Phonicshaskilledmeoff · 14/03/2025 13:07

Usually a parent would assume that they’d be paying for the sibling if it’s that type of party.

Maybe just respond with, sure it’s not exclusive hire. You might want to book siblings ticket before you come though because it can get quite busy. He’s the link x

I’d hate for a child to not be able to come because they are in a single parent household.

i make a point of asking parents to tell me if their are bring a sibling so no one feels excluded.

notacooldad · 14/03/2025 13:10

Honestly I just feel so rude saying this. It sounds so off to mention the cost
You are naking a mountain out of a molehill.
Parent asked a straightforward question and you answer with the info you want to give them and that's it.
Why over complicate things?

Changethenamey · 14/03/2025 13:13

Honestly it’s fine. I always take siblings to soft play parties and pay for them to get in/buy separate food. They don’t expect to be included in the party and neither do i expect them to be, they just go off and play like a normal Saturday in soft play whilst sibling enjoys party, everyone’s happy!

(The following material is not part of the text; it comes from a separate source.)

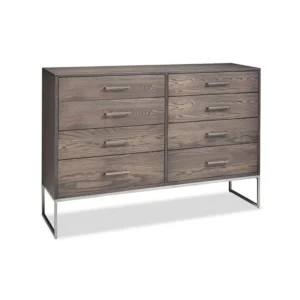 Electra 8 Drawer Dresser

Fridaysgirl17 · 14/03/2025 13:16

NotWantingToBeRude · 14/03/2025 12:50

This I would have zero problem with. All would be totally fine if the mum said, ‘Thanks DD would love to come! By the way I’ll also need to bring DS(6) but will cover his costs obviously and don’t expect him to be included for the food.’ But she hasn’t actually said this so I’m left wondering whether I’m going to look a real scrooge if there’s not a place laid for this boy at the table and he doesn’t get a party bag.

See for me I never expected my youngest to be included he was going to play & was seperate from the party,I would never expect a party bag for him or food,there was always extra chips so they gave him some just because they were there but it was never expected & I communicated that as I never wanted to be a CF

Clarabell77 · 14/03/2025 13:16

NotWantingToBeRude · 14/03/2025 12:32

Thanks all. Honestly I just feel so rude saying this. It sounds so off to mention the cost.

But they didn’t feel rude asking…. You can say you’re at maximum numbers and don’t mention the cost.